Kathy Douglas RN, MPH-HA, who is Chief Clinical Officer with ShiftHound.
With so much attention on data strategies, big data, data scientists, data ownership, data centralization, data integration, data mining, data ethics (the list could go on) it can be easy to over look the power in the use of some very simple data sets. One of those is the data that surrounds and supports staffing.
Decisions that are made in the process of staffing have significant financial implication. The use of overtime is one of the more visible drains on staffing budgets and tends to get the most attention.
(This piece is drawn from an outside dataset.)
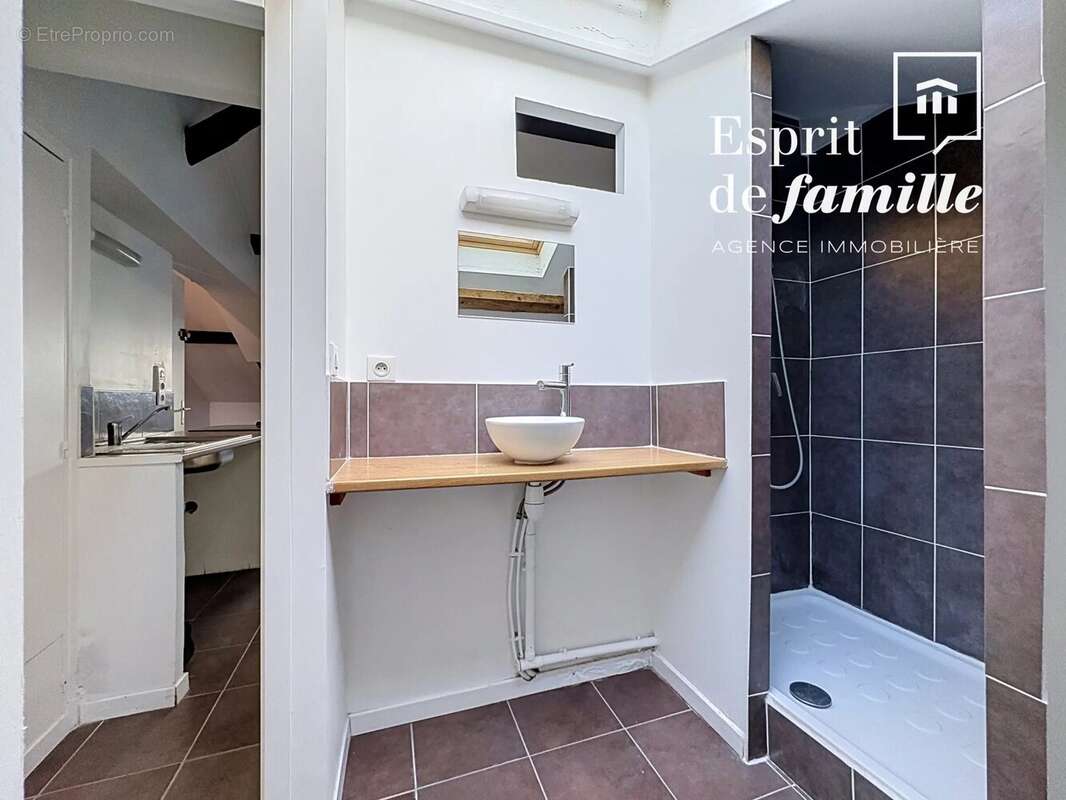 Appartement à LYON-8E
How to better manage overtime can be best understood by looking at the decision making process. There are 2 general reasons an overtime decision is made. The decision maker:
- Did not know the person would be going into overtime.
- Knew about the overtime and made the decision anyway.
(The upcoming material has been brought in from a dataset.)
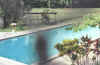 piscina.jpg (32104 bytes)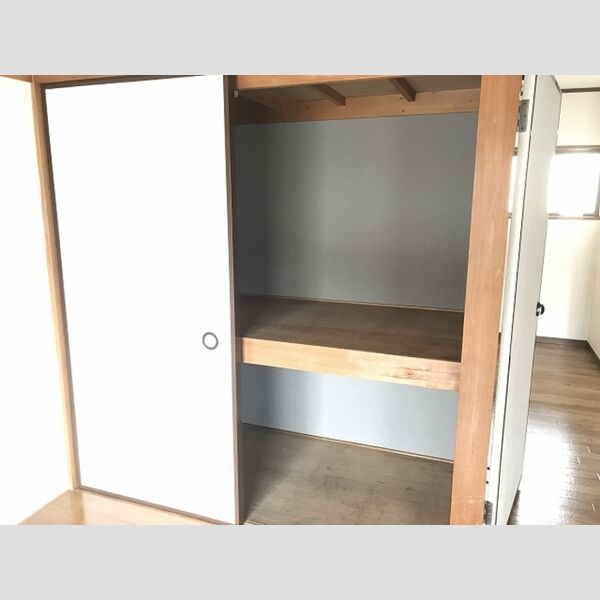 ウィンザー篠崎 押入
While setting policies on overtime use and approval processes can help address overtime usage, an alternative and more structurally powerful solution is to equip decision makers with the data they need to make informed staffing decisions.
Something as simple as displaying an alert that a person is or will be in overtime could inspire the decision maker to look for other options. When data like overtime is readably available, at the point of decision, better decision are made. If overtime data is sitting in a report somewhere, it is less likely to be used. This raises the important point that data alone is not the answer. However, easy access to meaningful data that is displayed within the natural flow of work and associated with other relevant data can empower effective staffing decisions.
Lets take an example. John is a manager in the ICU and he is looking at the staffing for the next shift. He has had two admits, the unit is busy; he has his hands full and evenings is short 1 RN.
Scenario 1 – John asks one of the nurses from days to stay over. Expensive, but efficient.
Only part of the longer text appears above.